При этом у племен-поселенцев – хопи, зуни и других обитателей древних поселений пуэбло – жизнь организована вокруг богатых и сложных церемоний их «богов в масках». Это тщательно продуманные обряды, в которых участвует вся община, запланированные в соответствии с религиозным календарем и проводимые обществами обученных жрецов. Д-р Рут Бенедикт заметила в своей книге «Модели культуры»:
Ни одна сфера жизни не может тягаться за первенство их внимания с ритуальной. Пожалуй, большинство зрелых мужчин западных пуэбло посвящают ей бóльшую часть своей осознанной жизни. Она требует выучивания наизусть такого количества текстов, которые для нашего неподготовленного ума кажется ошеломительным, а также исполнения хорошо слаженных, расписанных по календарю обрядов, которые сложным образом связывают между собой в бесконечной официальной процедуре различные культы и органы управления55.
В таком обществе остается мало места для индивидуальной игры. Существует жесткая связь не только отдельного человека со своими собратьями, но и жизни всего поселения с календарным циклом, ведь земледельцы-сеятели остро осознают свою зависимость от богов стихий.
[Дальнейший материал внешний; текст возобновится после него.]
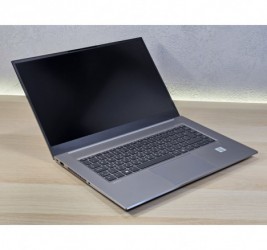 Repasovaný notebook HP ZBook Studio G7 i7-10850H QUADRO T1000 16GB 512SSD W11 FHD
Один короткий период слишком обильных или слишком слабых дождей в определенный момент – и целый год трудов не спасает от голода. Для охотника же удача – это совсем другое дело.
Мы можем заострить этот контраст, напрямую сравнив жреца и шамана. Первый – инициированный социумом, церемониально введенный в должность член признанной религиозной организации, в которой он является местоблюстителем. Он выполняет те же функции, что его предшественники. Шаман, в свою очередь, это тот, кто в результате личного психологического кризиса обрел определенную силу и власть. Духов, которые приходили к нему в видении, никогда прежде никто другой не видел; они становятся его личными защитниками. С другой стороны, «боги в масках» пуэбло, боги кукурузы и боги облаков, которым служат общества строго организованных и очень аккуратных жрецов, являются хорошо известными покровителями всей деревни, им молятся и их изображают в церемониальных танцах с незапамятных времен.